Distribution of Yieldin, a Regulatory Protein of the Cell Wall Yield Threshold, in Etiolated Cowpea Seedlings

Akane Okamoto-Nakazato1, Koji Takahashi3, Ritsuko Katoh-Semba2 and Kiyoshi Katou3,4

1 Biological Institute, Showa Pharmaceutical University, Higashitamagawa-gakuen 3-3165, Machida, Tokyo, 194-8543 Japan 2 Department of Perinatology, Institute for Developmental Research, Aichi Human Service Center, Kamiya-cho 713-8, Kasugai, Aichi, 480-0392 Japan 3 Unit of Biosystems, School of Informatics and Sciences and Graduate School of Human Informatics, Nagoya University, Nagoya, 464-8601 Japan

We examined the distribution and the immunohistochemical localization of yieldin in etiolated cowpea seedlings with an anti-yieldin antibody. An immunoblotting analysis revealed that the yieldin was located in the aerial organs (plumule, epicotyl and hypocotyl) but not in the roots. The intensity of the yieldin signal in the hypocotyls was highest in the apical pre-elongation region (the hook region) and decreased toward the elongated mature base indicating that the yieldin disappeared with the ceasing of cell elongation.
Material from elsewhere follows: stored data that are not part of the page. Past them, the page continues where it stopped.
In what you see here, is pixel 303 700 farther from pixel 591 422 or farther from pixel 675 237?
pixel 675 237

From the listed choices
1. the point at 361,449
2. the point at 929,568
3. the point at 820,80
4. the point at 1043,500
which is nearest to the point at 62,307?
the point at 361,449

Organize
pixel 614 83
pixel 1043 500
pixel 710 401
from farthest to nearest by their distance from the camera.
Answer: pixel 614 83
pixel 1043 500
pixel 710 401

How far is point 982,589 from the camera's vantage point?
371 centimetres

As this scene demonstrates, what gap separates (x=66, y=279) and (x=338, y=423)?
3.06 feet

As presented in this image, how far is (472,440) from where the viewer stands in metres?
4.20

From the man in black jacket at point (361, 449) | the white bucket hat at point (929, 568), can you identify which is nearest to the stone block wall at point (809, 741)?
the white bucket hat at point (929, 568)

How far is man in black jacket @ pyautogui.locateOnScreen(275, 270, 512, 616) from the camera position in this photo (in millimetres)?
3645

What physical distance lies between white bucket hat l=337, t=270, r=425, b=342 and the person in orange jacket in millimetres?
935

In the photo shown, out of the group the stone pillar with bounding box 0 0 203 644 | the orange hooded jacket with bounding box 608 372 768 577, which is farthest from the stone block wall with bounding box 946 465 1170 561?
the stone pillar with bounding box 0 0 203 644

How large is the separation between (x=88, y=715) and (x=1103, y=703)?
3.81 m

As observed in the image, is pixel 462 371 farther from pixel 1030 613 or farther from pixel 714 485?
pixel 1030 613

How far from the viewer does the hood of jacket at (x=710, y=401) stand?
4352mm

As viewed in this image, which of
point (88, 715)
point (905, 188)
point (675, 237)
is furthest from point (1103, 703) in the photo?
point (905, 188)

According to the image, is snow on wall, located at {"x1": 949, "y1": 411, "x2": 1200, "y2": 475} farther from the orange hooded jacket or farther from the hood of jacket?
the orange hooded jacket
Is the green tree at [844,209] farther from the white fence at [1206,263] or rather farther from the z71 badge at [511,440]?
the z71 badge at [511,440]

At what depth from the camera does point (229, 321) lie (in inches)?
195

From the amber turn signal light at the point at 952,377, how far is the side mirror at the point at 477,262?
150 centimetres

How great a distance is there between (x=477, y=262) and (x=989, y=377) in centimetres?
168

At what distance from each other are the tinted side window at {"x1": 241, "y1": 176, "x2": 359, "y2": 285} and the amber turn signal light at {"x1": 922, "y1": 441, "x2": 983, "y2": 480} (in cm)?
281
Tissue-print immunoblotting analysis using hypocotyls in different germination stages supports this view because the apical yieldin-rich regions, just beneath the cotyledonary node (the hook and rapidly elongating regions), acropetally migrated together with hypocotyl elongation. Immunohistochemical microscopy demonstrated that yieldin was localized in the cell walls of the cortex and epidermis of the germ axes. The present results are consistent with the view that yieldin participates in the regulation of cell wall yielding during elongation growth.